Otra cosa es la tía María Antonia, que te hace la misma pregunta cada verano y cada cena de Navidad. Y que además emite su opinión —”qué va a hacer este chico tan solo” o “te vas a quedar sola y para vestir santos como yo”— antes de tu respuesta. Coge aire, suéltalo despacio y encuentra la manera de poner a esa mujer en su sitio de una vez. No te mereces la ansiedad de verla venir cada vez que os tenéis que juntar y no se merece tener ese poder sobre ti.

Una buena opción para cruzar al lado de la paz mental: “tía, es un tema muy sensible para mí. Si quieres hablamos de eso tú y yo otro día con calma”. Me parece difícil, pero la pone en su sitio porque, si de verdad le interesa la respuesta, tendrá que buscar el espacio para ponerse a compartir sus opiniones más allá de la superficie y no tiene pinta de que sea algo que quiera hacer. O quizá sí, y de repente os hacéis íntimas compartiendo un secreto familiar que os hermana y hace cómplices hasta la eternidad ante cada succión de cabeza de gamba del tío Eustaquio en Navidad.

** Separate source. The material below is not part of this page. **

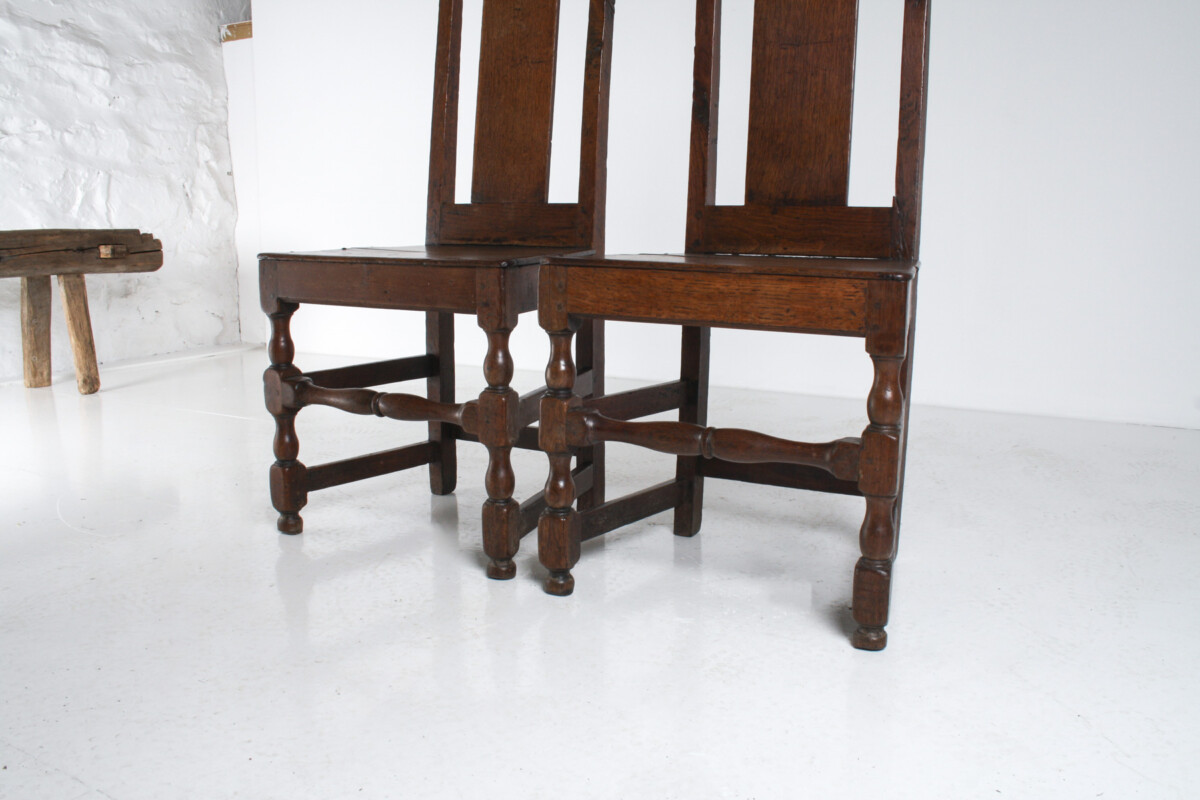 A Pair of Estate Made English Oak George I Hall Chairs, Early 18th Century - Image 8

Si no puedes llegar hasta ahí, también puedes girar la pregunta y disparársela: ¿qué te hace preguntarme eso? ¿hay algo que te preocupa de mí? Y que se explique. Si es alguien que te quiere, acabará reflexionando. Y si no, probablemente se calle hasta el próximo encuentro familiar.

No siempre está disponible, pero el sentido del humor te puede ayudar si ya sabes que esa pregunta está al caer según le abres la puerta a la tía María Antonia. Sobre todo porque si acabas teniendo tres hijos, lo siguiente que te preguntará será: “¿pero cuándo vas a dejar de tener hijos?”

Las preguntas no se van a terminar nunca, pero que te hagan sentir mal sí se puede acabar. Si vuelves a sentirte mal, con rabia y culpa, y a contestar lo del año pasado, no pasa nada. Ya los frenarás, si te apetece, a la próxima. Pero, de verdad, no tienes que contestar ninguna pregunta. Respira. Este verano puede ser el mejor.